MIT Technology Review 6/2023
S. 110
Review
Meinung
Wird der neue EU-Vorschlag Gesetz, muss nicht mehr jede gentechnisch erzeugte Getreidesorte gekennzeichnet werden.
Wird der neue EU-Vorschlag Gesetz, muss nicht mehr jede gentechnisch erzeugte Getreidesorte gekennzeichnet werden.
Foto: mauritius images / Nick Gregory

CRISPR allein macht keine grüne Wende

Die EU will Auflagen für bestimmte Nutzpflanzen lockern, die mit CRISPR und Co. hergestellt wurden. Sie sollen Pestizide reduzieren und gelten als Waffe gegen den Hunger. Doch dafür sind zunächst andere Maßnahmen nötig.

Seit Jahrzehnten ist bekannt, dass die konventionelle Landwirtschaft der Natur – Menschen inklusive – enorm schadet: zu viel Dünger, zu viele Pestizide und zu viele Monokulturen auf den Feldern. Ob zu wenig Gentechnik ein Problem ist, wird seit Anfang Juli mal wieder heftig diskutiert.
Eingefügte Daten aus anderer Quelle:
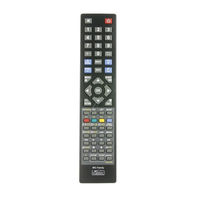 Classic IRC84207-VE Manual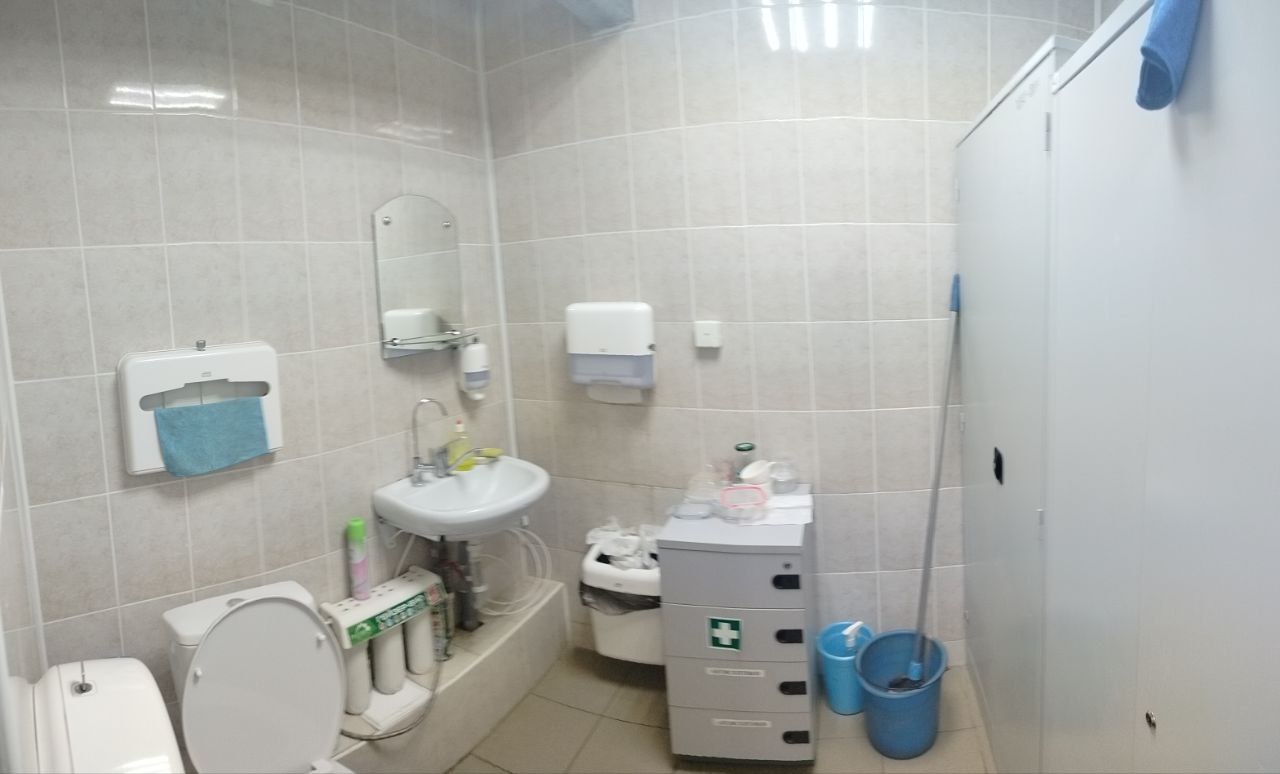 Продам помещение свободного назначения 104.4 м.кв.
Anlass ist ein Vorschlag der EU, die Regulierung für Getreide, Obst und Gemüse, das mit neuen genomischen Tools (NGT) wie der Genschere CRISPR hergestellt wurde, drastisch zu vereinfachen. Naturschutzverbände reden von einem Tabubruch, Befürworter erhoffen sich vom neuen Gesetz eine Art Ökowunder – eine drastische Pestizidreduktion, die Demokratisierung des Saatgutmarktes und eine Lösung für den Hunger in der Welt.

Die neuen Gentechnikwerkzeuge können gezielt Gene ausschalten oder aktivieren, zudem Abschnitte herausschneiden oder hinzufügen, um Pflanzen beispielsweise nährstoffreicher, weniger durstig oder robuster zu machen. Und das besonders flott, eher innerhalb von Jahren als von Jahrzehnten, wie es mitunter bei gängigen Züchtungsmethoden der Fall ist. Werden dabei keine fremden Gene eingeschleust, sind die Pflanzen nicht von konventionell gezüchteten oder ganz natürlich mutierten zu unterscheiden.